Malicious LLM Routers Can Steal Crypto: Researchers Flag 26 Dangerous Services

April 13, 20262 min read

University of California researchers found that some third-party LLM routers actively inject malicious code and steal credentials from AI agent sessions. Out of 428 routers tested, 26 were flagged as dangerous. One drained real ETH from the researchers' test wallet. The paper dropped on Thursday.

The problem: developers using AI agents to work with smart contracts or crypto wallets may unknowingly pass private keys and seed phrases through third-party router infrastructure that has never been vetted.

What is an LLM router and why it matters

LLM routers are third-party services that aggregate access to language models from OpenAI, Anthropic, Google, and others. Developers add them as a middle layer to cut API costs or switch between providers. The catch is that routers terminate TLS connections and read every message in plaintext. Any private keys or seed phrases in the session become visible to the service.

What the researchers found

Analysis of 428 LLM routers (UC Berkeley)
Routers tested28 paid + 400 free
Malicious code injection9 routers
Adaptive evasion2 routers
AWS credential access17 routers
ETH drained from wallet1 router (under $50)

Co-author Chaofan Shou posted on X: "26 LLM routers are secretly injecting malicious tool calls and stealing creds." The team funded test wallets with small ETH balances and passed the keys through routers as decoys to measure the real-world risk.

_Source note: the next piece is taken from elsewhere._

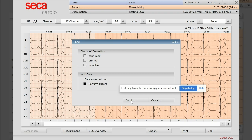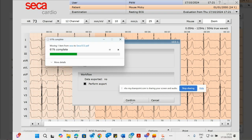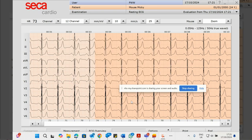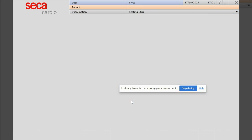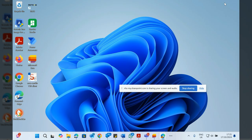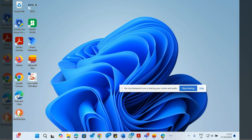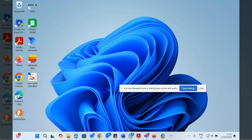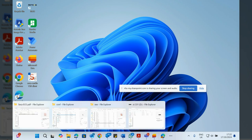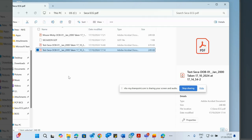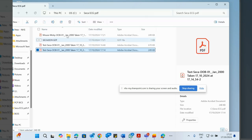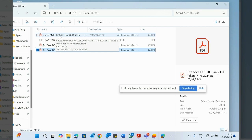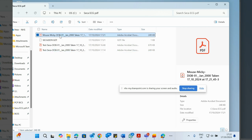And what that will do is export it to a PDF file. Brilliant, so if I just come out of there and go into my file explorer, we'll see there's a Mickey Mouse ECG up here on the top. I'll double click that.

YOLO mode: the agent that runs itself

The researchers flagged another risk. Many AI frameworks ship with a "YOLO mode" - a setting where the agent executes commands without asking the user to confirm each step. A router that behaved cleanly in the past can be silently weaponized after an update, with the service operator none the wiser.

Free routers are the most suspect: they may offer cheap API access as bait while harvesting credentials in the background. "The boundary between credential handling and credential theft is invisible to the client because routers already read secrets in plaintext as part of normal forwarding," the paper states.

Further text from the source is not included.